The first seal for Oregon was during the Provisional Government that ran from 1843 to 1849. That government used the Salmon Seal, a round seal featuring three sheaves of grain and a single salmon. The salmon was at the bottom, with Oregon along the top. The salmon was designed to symbolize the fishing industry and the grain to represent agriculture. Designed to be neutral concerning the Oregon Question and whether the U.S. or Britain would ultimately control the region, the seal was used until the Oregon Territory was created and the territorial government arrived in 1849.

With the arrival of Governor Joseph Lane in 1849 the territorial government took control of the region. That year the government adopted a new seal featuring a motto and a variety of motifs. In the center was a sailing vessel used to represent commerce, and above that was a beaver to symbolize the fur trade that was prominent in Oregon's early recorded history. On the left of the ship was a Native American and on the right an eagle. Above the beaver on a banner was the Latin motto, Alis Volat Propriis, translated as "She flies with her own wings". Around the perimeter were five stars at the bottom and the words "Seal of the Territory of Oregon" along the top and sides.

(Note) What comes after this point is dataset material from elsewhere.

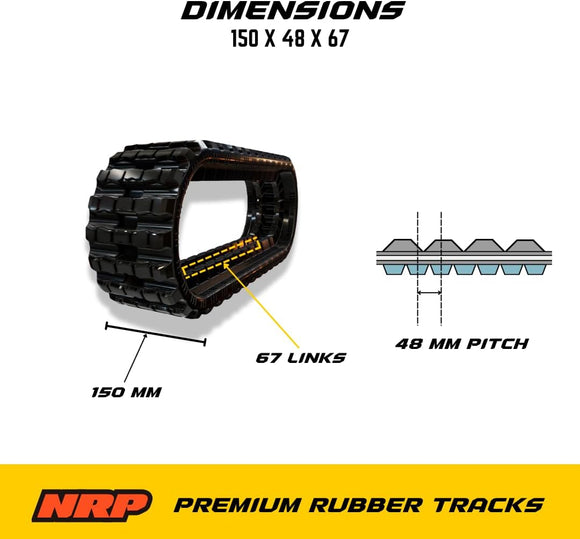 150x48x67 Rubber Track Fits Toro 22327 TX1000 TX1300 | Compact Utility Loader Replacement Track | NRP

In 1857, the Oregon Constitutional Convention was held in the capital of Salem where the delegates drafted a constitution to prepare for statehood and adopted a new seal to be used once statehood was achieved. The convention appointed Benjamin F. Burch, LaFayette Grover, and James K. Kelly to design a new seal. A proposal for a seal from Harvey Gordon was used with the addition of an elk added by the committee. Usage began after Oregon became the 33rd state on February 14, 1859, and the number of stars was increased to 33 from the original 32 by the Oregon Legislative Assembly (Minnesota became a state in 1858).

== Design ==

Flag of Oregon (obverse)

Whereas the existence of an Oregon state seal is written into Oregon's state constitution, the design of the seal itself is dictated by Oregon Revised Statute (ORS) chapter 186. The statutes list two laws pertaining to design and usage of the seal.

According to ORS 186.020, the seal consists of an outer ring with the text "State of Oregon", "1859". The inner circle contains an American eagle atop a shield. The shield depicts mountains, an elk, a covered wagon, and the Pacific Ocean. In the ocean, a British man-of-war is departing and an American steamer is arriving, symbolizing the end of British rule in the Oregon Country. The elk represents the plentiful game found in the state. The second quartering shows a sheaf, a plow, and a pickaxe. These symbolize mining and husbandry. The banner is inscribed "The Union". Thirty-three stars surrounding the shield represent the number of states upon Oregon's entry into the union in 1859.

The seal appears on the obverse of the state flag of Oregon.